Researchers sometimes evade
In 2007, Mark Ashcraft and Jeremy Krause interviewed 100 researchers, of whom 19 reported collecting data without IRB approval. An even higher percentage (6 of the 26, or 23 percent) of the respondents here “reported that they had either evaded IRB rules themselves or recommended that their students do so.”
Clara from Rural College, for example, discovered that it was impossible to interview passers-by if she presented them with the lengthy informed consent form required by her IRB (see quote above). Upon finding that people were unwilling to talk to her as soon as she presented the form, she decided to dispense with it. As she put it, “I just decided that I could either do field research or I could work with the IRB, but I couldn’t do both.” George, who had mentored graduate students doing qualitative research that had encountered similar obstacles, felt that “graduate students really are faced … with a choice of … either conforming to these rules and … not being able to do participant observation the way it should be done, or ignoring the committee…” (George, Eastern University).

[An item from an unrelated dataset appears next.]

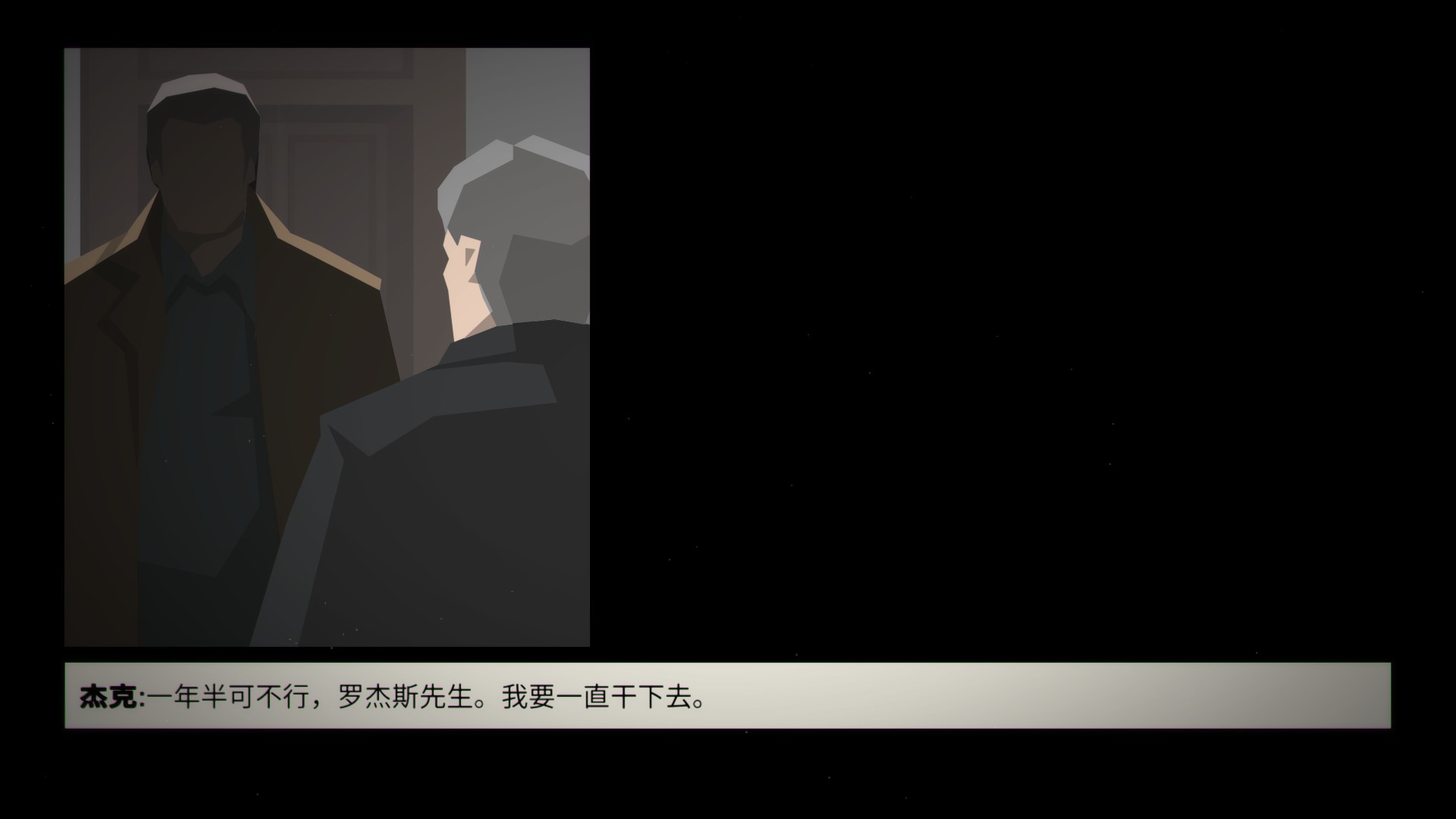 这就是警察剧情解说,这就是警察剧情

As much as we might wish for a magic structural fix to IRB issues, for now, the best hope is to fill the IRB with good people and, more importantly, to hire the right staff. Babb et al. describe two institutions that had generated horror stories in the past but now seem to be getting better:
At Urban University, professional IRB administration appeared to be working relatively well for qualitative researchers. Urban’s IRB was run by a dynamic administrator who was committed to meeting personally with all researchers before they submitted protocols and engaging in back-and-forth communication. Barbara described this administrator as an enormous improvement over her predecessor in the position: “prior to that it just felt a little bit more like a black box, you know the IRB has its own email address…now I know that when I send something to that address it’s [the administrator’s name]…before then, what happened at the other end [laughs] of that email address was much less clear.” Because she was open to personal communication, it was possible for researchers to engage with her directly, and explain their reasoning if they thought a mistake was being made. An Urban University scholar described one case (the factory study that ran into the problem of site permission, described above) in which such engagement led to the reversal of the administrator’s previous decision.
At Yankee College, the old IRB chair had recently been replaced by Sam, a qualitative sociologist who had assembled a new group of faculty IRB volunteers to improve and clarify rules and procedures, and who made an effort to communicate with researchers directly rather than bureaucratically.
At its best, then, the IRB system works as a government of men, not of laws. Can we do better?